Le encantaban las mujeres y siempre fue infiel, nunca se casó, y a sus compañeras las hizo sus colaboradoras y juntos trabajaron para la prosperidad de las diferentes familias. Era coqueto, dulce, simpático y generoso y nadie le regateó nada. No hizo fortuna porque todo lo que ganaba lo destinaba a los gastos de las casas que mantenía.
No tuvo propiedades y la única casa que compró fue para mí y mi esposa. En España, sí, un hotelito para que allí viviese su padre ya en el retiro de la jubilación. Hotelito al que él acudía a menudo para jugar dominó con mi abuelo Lorenzo.
El pasado no le pesaba y sus remembranzas le servían para orientarnos, principalmente a mí, su primer hijo varón, y conversábamos de ideologías, partidos políticos, y los protagonistas: «Ese hombre no me gusta», dijo en relación al entonces presidente de México Gustavo Díaz Ordaz.
Sólo en una ocasión le dijo «ío cabrón», a uno de los empleados que había abusado de su tolerancia y que había cazurreado haciéndose el chistoso.
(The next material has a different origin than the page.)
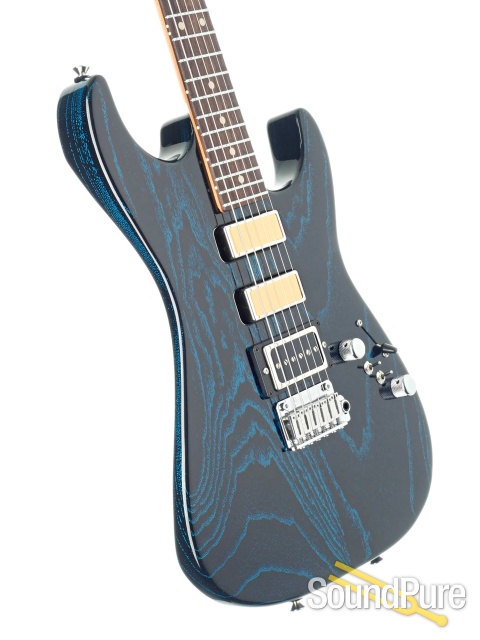 Anderson Pro Am Shorty Black w/ Bora Dog Hair #10-31-22A — image 5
A mí sólo una vez me dio una bofetada para enderezarme y volverme en sí, ya que yo estaba ebrio. Nunca más.
Murió a consecuencia de un enfisema pulmonar y de un infarto y tersamente. Sólo dijo: «Me siento mal, mujer, voy a recostarme» y murió así, tranquilamente. Yo había regresado de mi primer viaje a España, le hablé y le dije que iría a Guadalajara, a eso de las cinco y media de la tarde, y tres horas después, Aurora, su mujer, me informó que había muerto.